Performing the above two steps will enable arena optimization.

Setting a custom arena creation function (optional)

By default, the framework calls the default constructor of the arena to create an arena object. If you want to set a custom arena creation function, you can refer to the following method. Tip: Not setting a custom arena creation function does not affect the use of arena features.

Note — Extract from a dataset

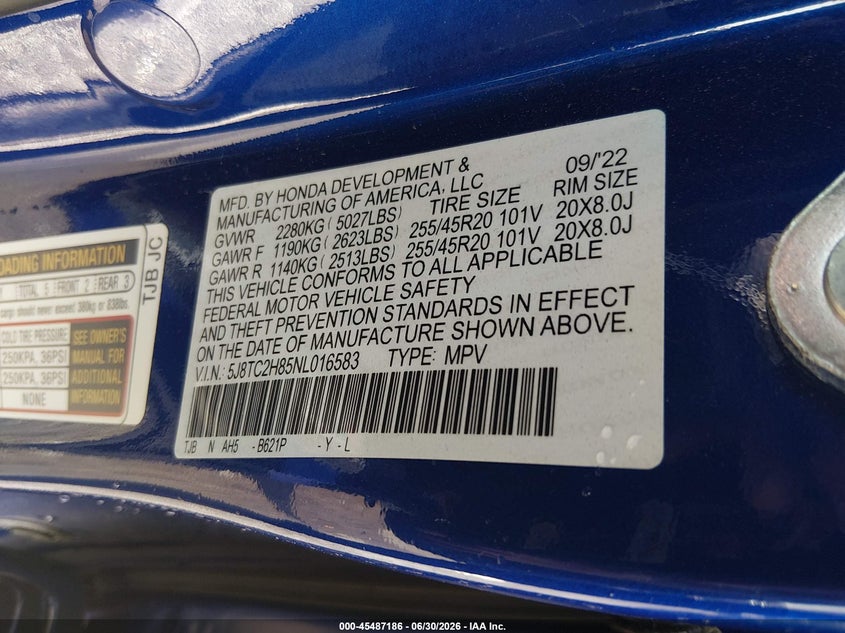2022 Acura Rdx VIN 5J8TC2H85NL016583 IAAI salvage auction — REAR END, Salvage Title, sold $11,100 on 2026-09-01 (photo 9)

/// @brief Set the ArenaOptions
///        the user can set this function to realize the function of customizing Arena's Options
///        if not set, use default option
void SetGlobalArenaOptions(const google::protobuf::ArenaOptions& options);

The function needs to return a google::protobuf::Arena object (without performance loss through RVO), and we can construct an arena object and specify initial memory size and other parameters through google::protobuf::ArenaOptions.

Register the global arena configuration in the Initialize() function. Here is a demo (specifying an initial memory size of 10K each time an arena is created):

int XxxxServer::Initialize() {
    // Set the parameters of options on demands. 
    // Only set the start_block_size here.
    google::protobuf::ArenaOptions options;
    options.start_block_size = 10240;

    SetGlobalArenaOptions(options);
}

How to use arena when calling RPC services

In this case, PB objects are created by the user, and the lifecycle of PB objects is managed by user code. The framework cannot intervene in the lifecycle of PB objects. Therefore, users need to use arena to optimize memory by themselves.

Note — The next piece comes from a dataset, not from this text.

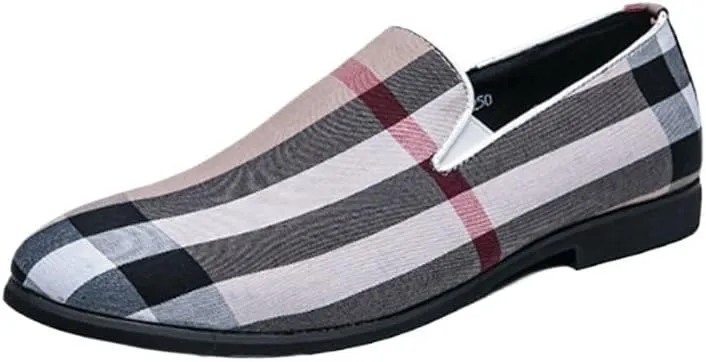 Men's Two Tone Brogue Oxfords Shoes Classic Round Toe Checkered Comfortable Dress Loafers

Enabling arena on client-side

  • Enable arena using proto option

    We need to enable arena allocation in each .proto file, so we need to add the following option to each .proto file:

    option cc_enable_arenas = true;
  • Creating a PB object

    When calling an RPC service on the client side, if you need to use an arena, you need to actively invoke the google::protobuf::Arena::CreateMessage<MyMessage>(...) interface. On the RPC server side, you don't need the above steps; you just need to enable the arena through compilation options.

    // include arena.h
    #include "google/protobuf/arena.h"
    
    google::protobuf::Arena arena_req;
    auto* req = google::protobuf::Arena::CreateMessage<RequestType>(&arena_req);
    
    google::protobuf::Arena arena_rsp;
    auto* rsp = google::protobuf::Arena::CreateMessage<ResponseType>(&arena_rsp);

    Line 2: Include the header file required for arena.

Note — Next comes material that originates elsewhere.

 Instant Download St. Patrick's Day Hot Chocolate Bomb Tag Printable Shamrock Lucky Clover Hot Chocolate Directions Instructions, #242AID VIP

    Lines 4-7: Define two arena objects to manage the memory of req and rsp, respectively.

    Lines 5 and 8: Use two arenas to create two PB objects.

Precautions

All objects maintained by arena are released uniformly when arena is destroyed. During use, the internally maintained memory block of arena will only be continuously appended and will not be deleted. Therefore, the objects maintained by arena can only be either local objects or immutable. Otherwise, its memory will continue to grow indefinitely.

  • It is recommended not to reuse arena objects, and one arena manages the lifecycle of one PB object.
    • Reusing may cause arena expansion and affect performance.
    • One arena generates multiple PB objects, and the lifecycle is difficult to manage.
  • The lifecycle of arena objects should be either local or immutable.
  • The lifecycle of arena is longer than that of the objects it manages.
  • PB objects created using CreateMessage cannot be deleted.

Improper use may cause OOM or core dump in the service, so you need to understand the principle before using it.

Performance data

After testing, when the PB structure is large and complex, using arena can improve performance by about 14%.

Test device configuration

// Cloud server.
Architecture:          x86_64
CPU(s):                8
On-line CPU(s) list:   0-7
Thread(s) per core:    1
Model name:            AMD EPYC 7K62 48-Core Processor
Stepping:              0
CPU MHz:               2595.124
Hypervisor vendor:     KVM
L1d cache:             32K
L1i cache:             32K
L2 cache:              4096K
L3 cache:              16384K

Test logic

To simulate a real scenario, we use the proto file definition of a business. Test logic:

  • Concurrently start 4 threads, and each thread executes 500 tasks in a loop.
  • In each task, create two complex PB structures, Request and Response, and fill in the repeated fields so that the ByteSizeLong() of the structures is about 200K.

Compilation options

Enable O2 compilation and distinguish whether to use the tc_malloc library.

Test results

Not linked with tc_malloc Linked with tc_malloc
Without using arena 6024ms 5129ms
Using arena optimization 5198ms 4510ms
Improvement ratio of arena 13.8% 14.1%

FAQ

The program crashes with the message: CHECK failed: GetArenaNotVirtual() == nullptr

PB objects created using CreateMessage are not allowed to be deleted. Check whether the PB object has been destroyed. Only destroying the object created by CreateMessage will trigger this error.